SUNY New Paltz political scientist Gerald Benjamin said Monday that the shift toward Democrats since 2012 is part of a long-term change in the region, caused by such factors as upstate migration from New York City and accelerated perhaps by President Donald Trump's election in 2016.

“I think it's kind of an irresistible transformation,” Benjamin said.

In addition to the congressional districts, the shifting enrollment edge is evident in two state Senate districts that Democrats flipped in the Hudson Valley last year, particularly the seat James Skoufis won to succeed longtime Republican Sen. Bill Larkin. Skoufis, D-Cornwall, is now seeking re-election in a district with 18,000 more Democratic voters than Republicans. No Republicans have entered the race to challenge him.

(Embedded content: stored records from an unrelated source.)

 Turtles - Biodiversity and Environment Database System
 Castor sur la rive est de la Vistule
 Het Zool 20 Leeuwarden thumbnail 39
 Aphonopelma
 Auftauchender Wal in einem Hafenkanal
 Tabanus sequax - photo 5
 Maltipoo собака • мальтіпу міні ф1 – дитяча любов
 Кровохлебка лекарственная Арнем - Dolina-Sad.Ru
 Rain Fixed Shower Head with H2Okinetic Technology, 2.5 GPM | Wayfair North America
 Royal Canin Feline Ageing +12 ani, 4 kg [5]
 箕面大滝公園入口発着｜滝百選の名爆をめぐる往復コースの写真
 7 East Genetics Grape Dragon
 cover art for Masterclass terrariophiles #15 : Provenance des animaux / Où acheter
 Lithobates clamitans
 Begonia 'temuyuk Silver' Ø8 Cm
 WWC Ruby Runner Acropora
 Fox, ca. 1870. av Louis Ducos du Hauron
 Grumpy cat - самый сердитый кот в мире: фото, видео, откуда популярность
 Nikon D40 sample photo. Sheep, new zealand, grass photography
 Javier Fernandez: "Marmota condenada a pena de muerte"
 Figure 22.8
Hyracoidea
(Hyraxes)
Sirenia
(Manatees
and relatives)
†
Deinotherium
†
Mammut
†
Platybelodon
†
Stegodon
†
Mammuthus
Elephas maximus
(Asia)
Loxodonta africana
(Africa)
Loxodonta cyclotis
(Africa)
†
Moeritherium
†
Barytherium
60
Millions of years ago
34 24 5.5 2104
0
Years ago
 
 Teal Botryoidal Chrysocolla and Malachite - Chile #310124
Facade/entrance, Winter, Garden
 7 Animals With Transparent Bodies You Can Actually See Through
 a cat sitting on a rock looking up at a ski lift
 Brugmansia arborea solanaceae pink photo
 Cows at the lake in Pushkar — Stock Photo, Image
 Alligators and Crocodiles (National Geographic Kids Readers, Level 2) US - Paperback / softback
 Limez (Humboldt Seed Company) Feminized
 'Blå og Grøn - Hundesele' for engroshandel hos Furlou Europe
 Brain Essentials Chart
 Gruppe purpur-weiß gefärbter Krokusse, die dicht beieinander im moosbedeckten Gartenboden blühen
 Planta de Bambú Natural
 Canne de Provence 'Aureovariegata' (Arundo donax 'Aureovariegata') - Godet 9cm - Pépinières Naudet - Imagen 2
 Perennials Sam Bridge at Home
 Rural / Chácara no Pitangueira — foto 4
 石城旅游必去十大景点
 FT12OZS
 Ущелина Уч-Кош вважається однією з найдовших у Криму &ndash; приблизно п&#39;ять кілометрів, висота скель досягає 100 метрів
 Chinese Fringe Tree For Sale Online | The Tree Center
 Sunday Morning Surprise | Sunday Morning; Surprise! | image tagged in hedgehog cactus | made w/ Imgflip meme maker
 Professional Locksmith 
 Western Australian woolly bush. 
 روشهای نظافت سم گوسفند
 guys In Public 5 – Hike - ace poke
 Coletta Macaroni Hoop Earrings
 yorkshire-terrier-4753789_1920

One bright spot for Hudson Valley Republicans has been their ability to retain power in local elections in some counties in spite of Democratic enrollment gains. All four countywide officials in Orange, for instance, are Republicans, and Republicans actually gained seats on the 21-member county Legislature in 2017 and hold a super-majority.

Benjamin pointed out that county elections occur in odd-numbered years and tend to elude the national trends that spur Democratic turnout in congressional and presidential elections. Republicans remain strong in rural areas with low populations, but the party hasn't been adding voters and it holds offices in some places strictly through incumbency, he said.

“Republicans are fighting a rear-guard action,” he said.

Maloney is seeking a fifth House term this fall, challenged by Republican Chele Chiavacci Farley. Two organizations that track congressional races - the Cook Political Report and the University of Virginia's Center for Politics - both rate the 18th District contest as “likely Democratic.”

The race between Delgado and a still-undetermined Republican for the 19th District was seen as more competitive, with the Center for Politics rating it as “leaning Democratic” and Cook calling it a toss-up. Three Republicans have declared their candidacy. The district takes in all or part of 11 counties, including all of Sullivan and Ulster.